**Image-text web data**
§

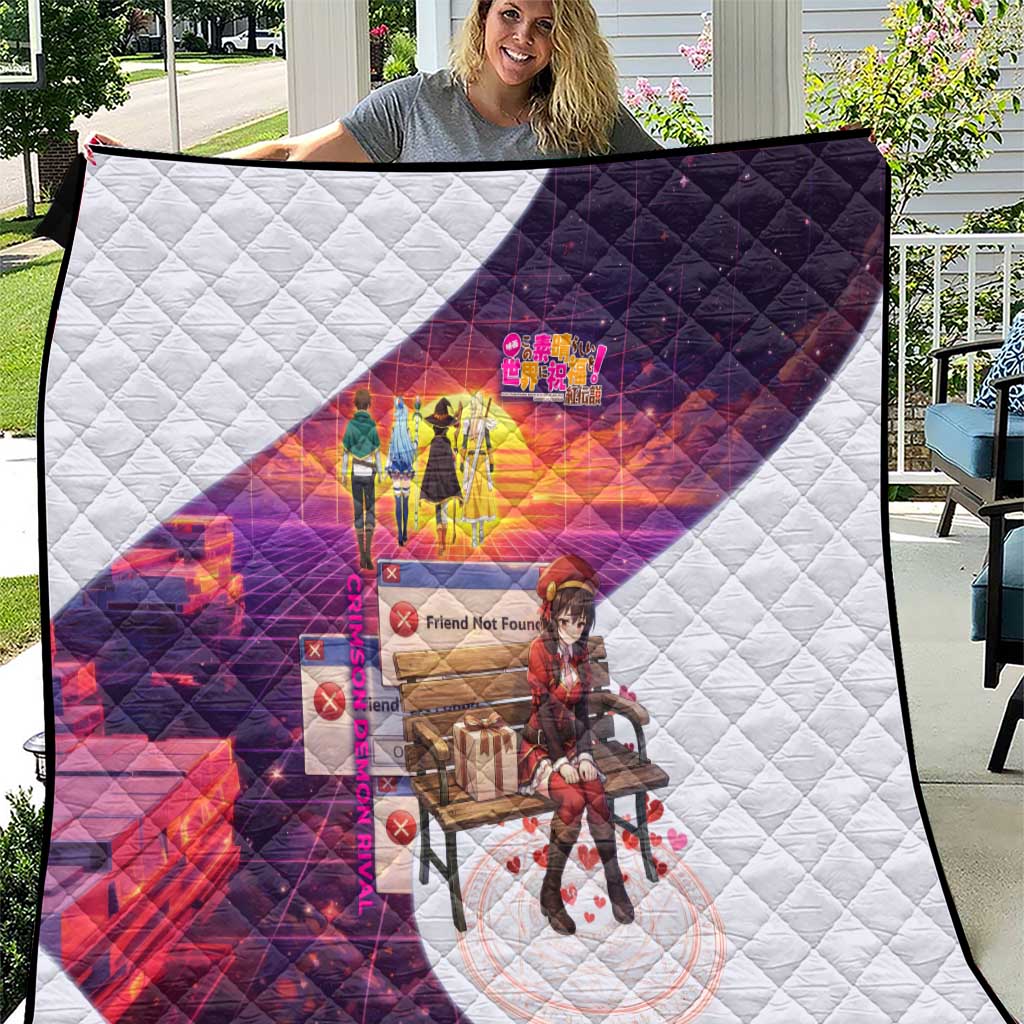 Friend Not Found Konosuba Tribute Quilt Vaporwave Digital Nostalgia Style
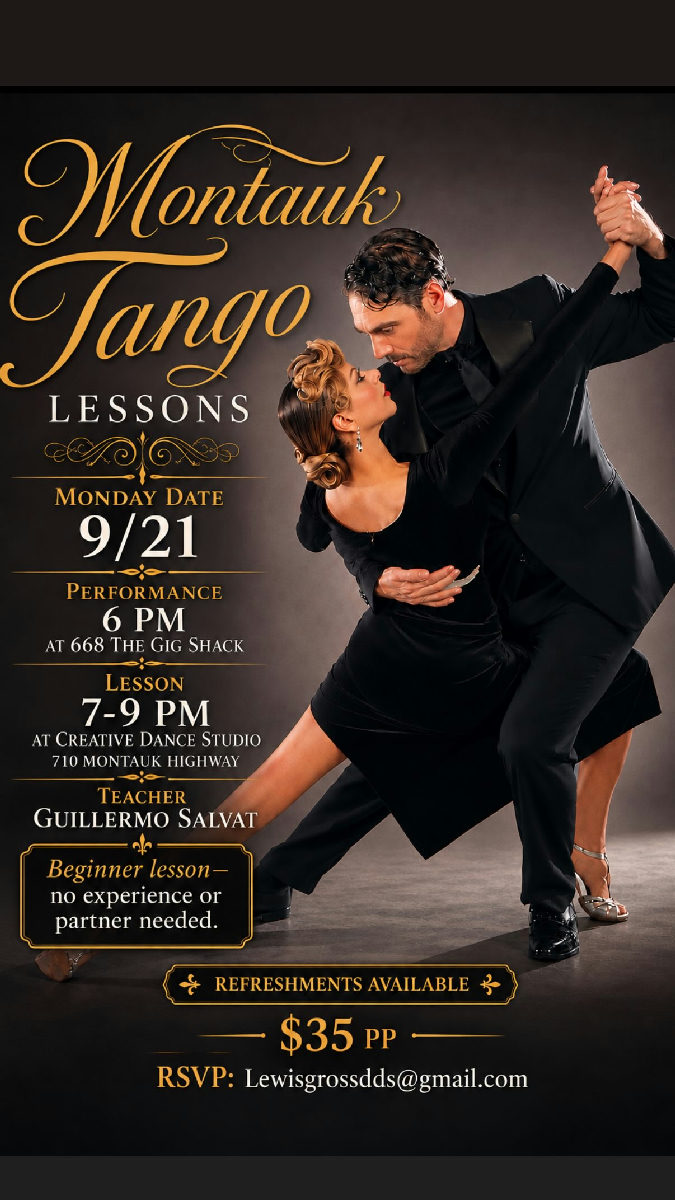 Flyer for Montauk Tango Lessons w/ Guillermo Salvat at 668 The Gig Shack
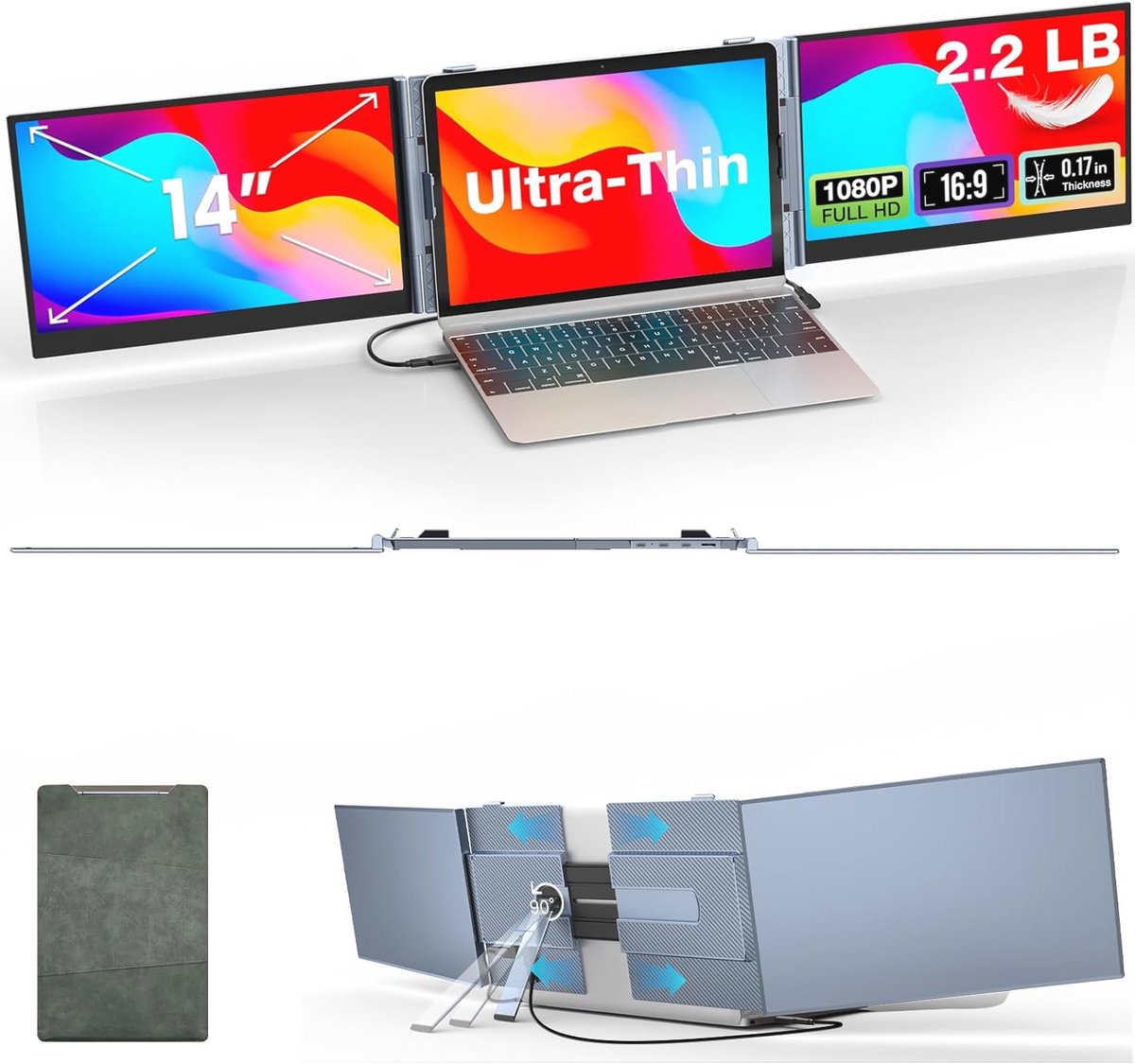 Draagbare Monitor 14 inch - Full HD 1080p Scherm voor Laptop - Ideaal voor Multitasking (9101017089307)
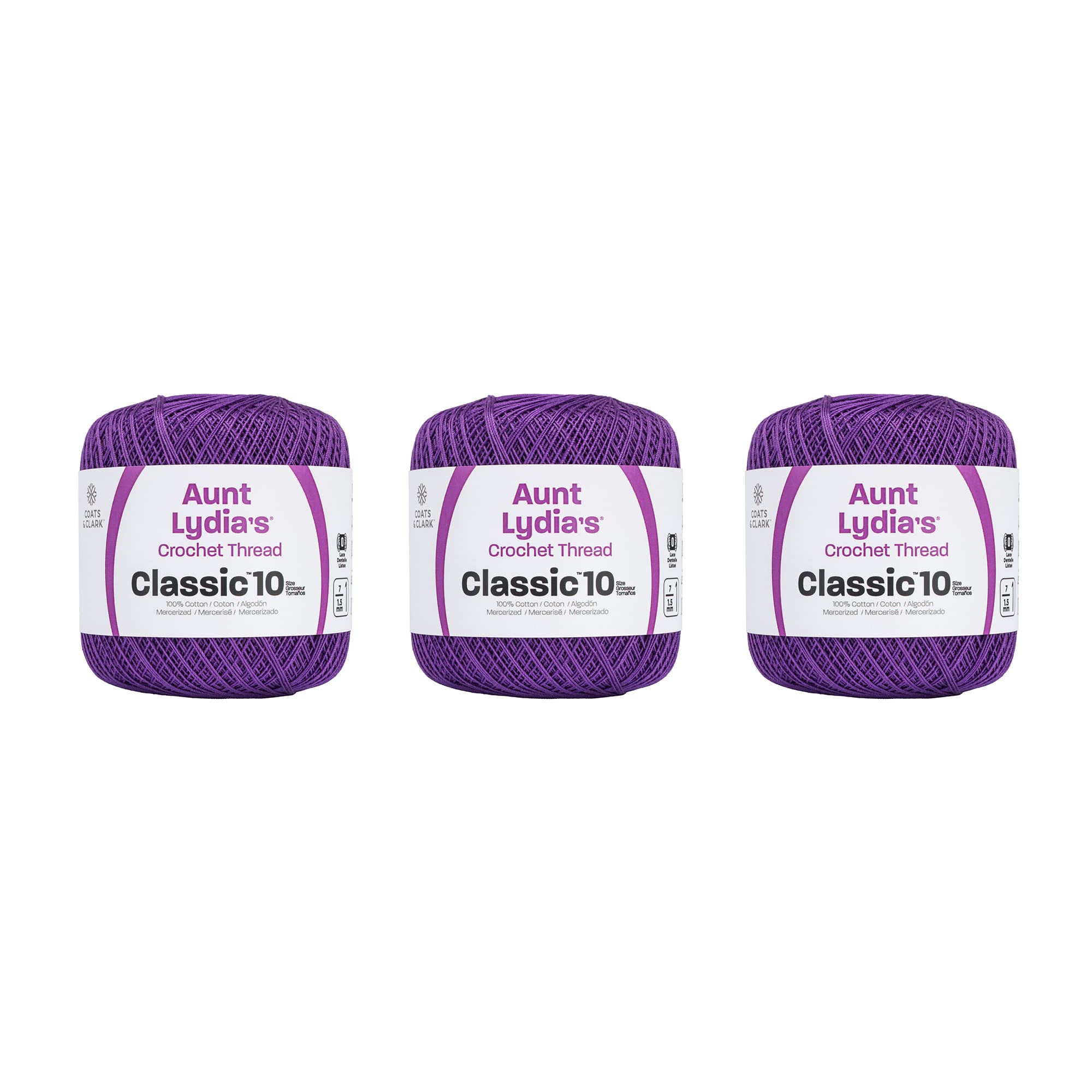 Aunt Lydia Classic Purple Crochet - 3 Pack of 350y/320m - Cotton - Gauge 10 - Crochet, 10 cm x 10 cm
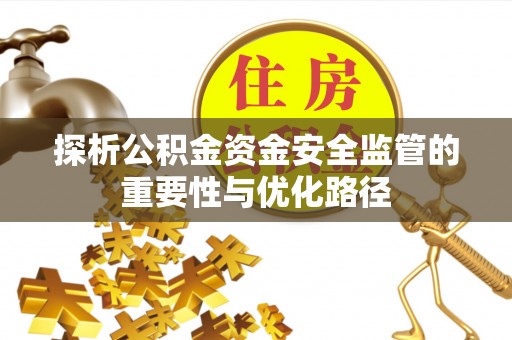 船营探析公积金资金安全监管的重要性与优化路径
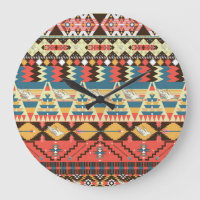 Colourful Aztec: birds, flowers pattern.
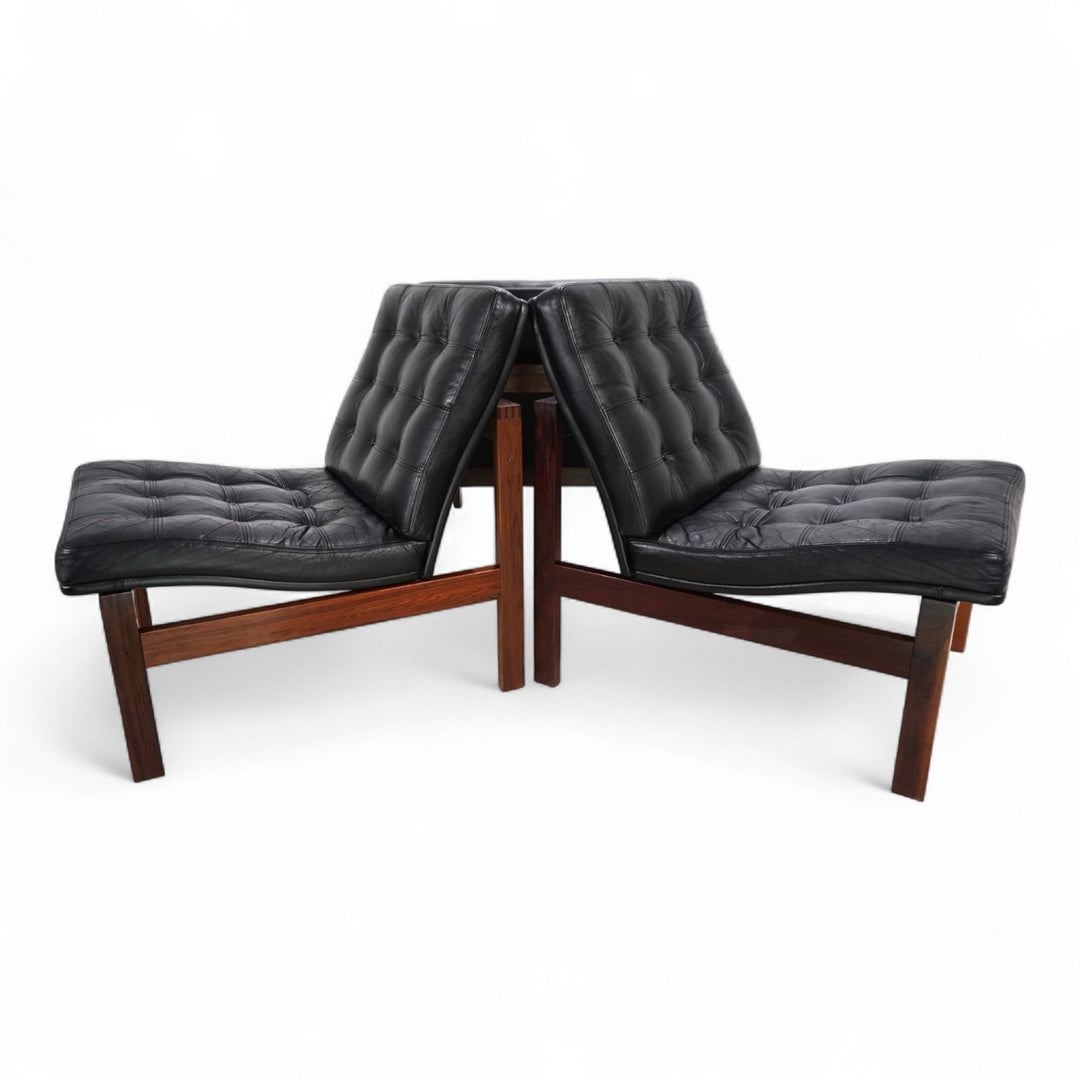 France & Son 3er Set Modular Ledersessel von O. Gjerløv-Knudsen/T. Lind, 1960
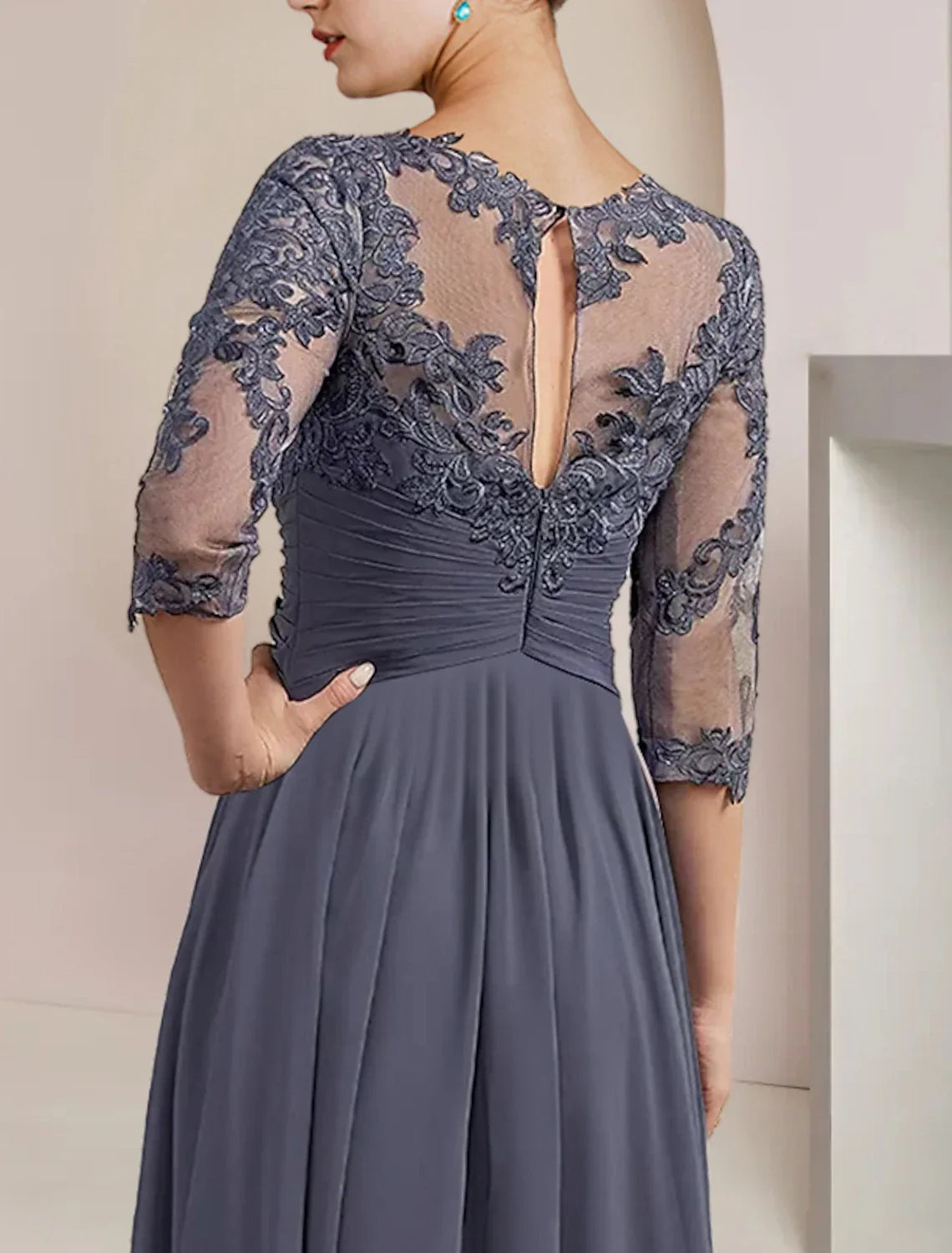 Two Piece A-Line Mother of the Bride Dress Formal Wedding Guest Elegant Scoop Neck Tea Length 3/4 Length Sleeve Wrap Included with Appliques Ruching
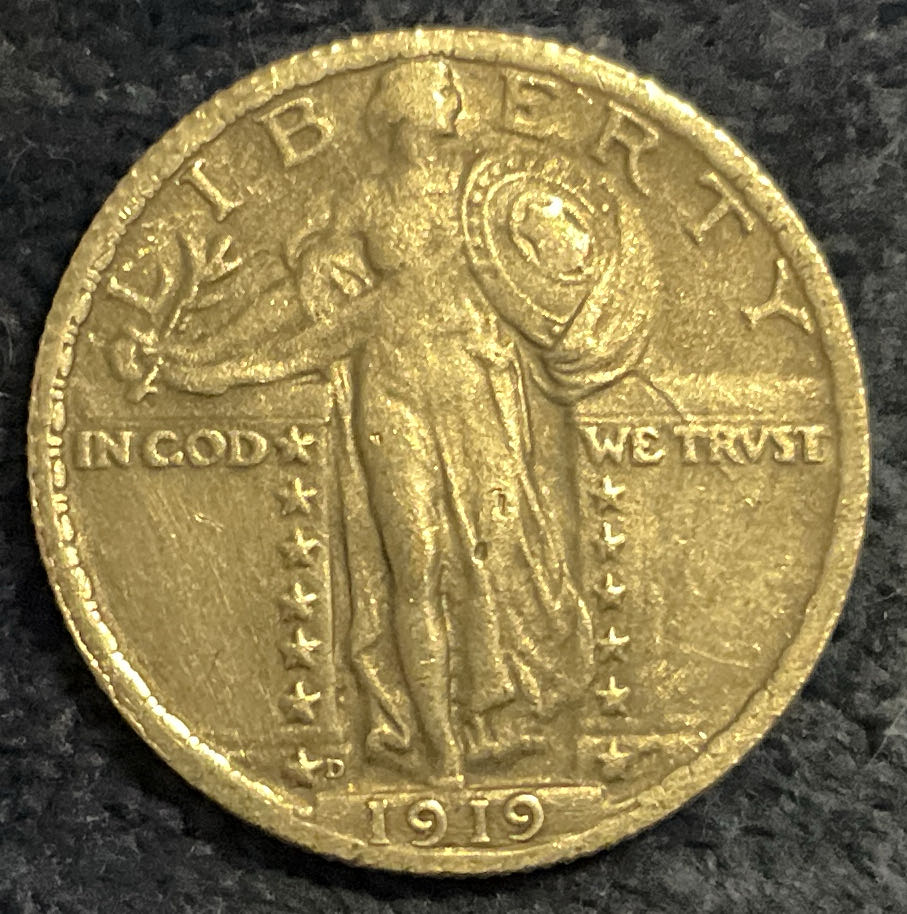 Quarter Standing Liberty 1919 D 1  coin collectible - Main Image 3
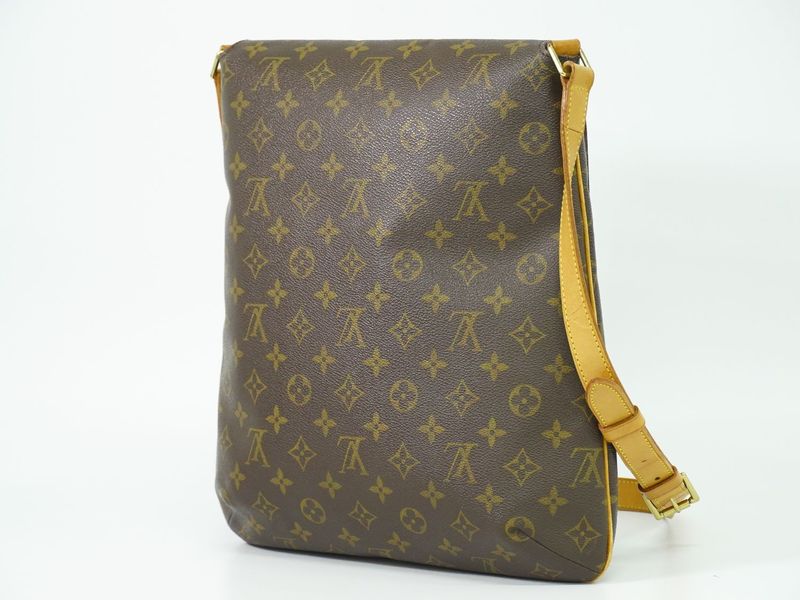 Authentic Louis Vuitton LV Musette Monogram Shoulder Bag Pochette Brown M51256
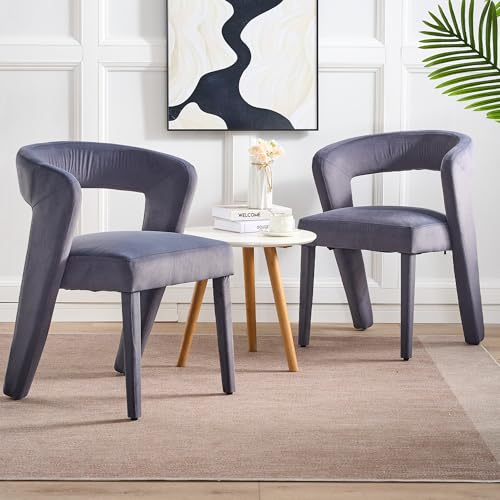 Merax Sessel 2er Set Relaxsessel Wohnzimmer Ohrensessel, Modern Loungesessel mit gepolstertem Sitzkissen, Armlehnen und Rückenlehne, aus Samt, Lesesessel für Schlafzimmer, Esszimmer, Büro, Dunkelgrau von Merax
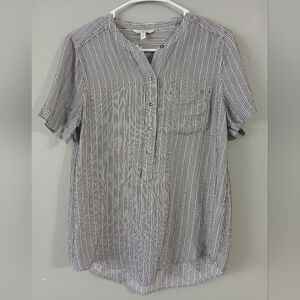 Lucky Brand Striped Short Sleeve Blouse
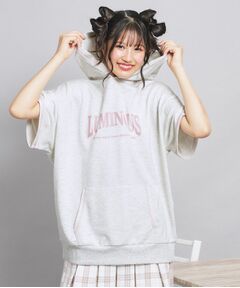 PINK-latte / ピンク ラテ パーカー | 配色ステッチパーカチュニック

§

**TASK DETAILS**
For this exercise, reproduce exactly the lines of the records above from the one with "船营探析公积金资金安全监管的重要性与优化路径" up to and including the one with "Authentic Louis Vuitton", without pictures.

**SOLVED EXERCISE**
 船营探析公积金资金安全监管的重要性与优化路径
 Colourful Aztec: birds, flowers pattern.
 France & Son 3er Set Modular Ledersessel von O. Gjerløv-Knudsen/T. Lind, 1960
 Two Piece A-Line Mother of the Bride Dress Formal Wedding Guest Elegant Scoop Neck Tea Length 3/4 Length Sleeve Wrap Included with Appliques Ruching
 Quarter Standing Liberty 1919 D 1  coin collectible - Main Image 3
 Authentic Louis Vuitton LV Musette Monogram Shoulder Bag Pochette Brown M51256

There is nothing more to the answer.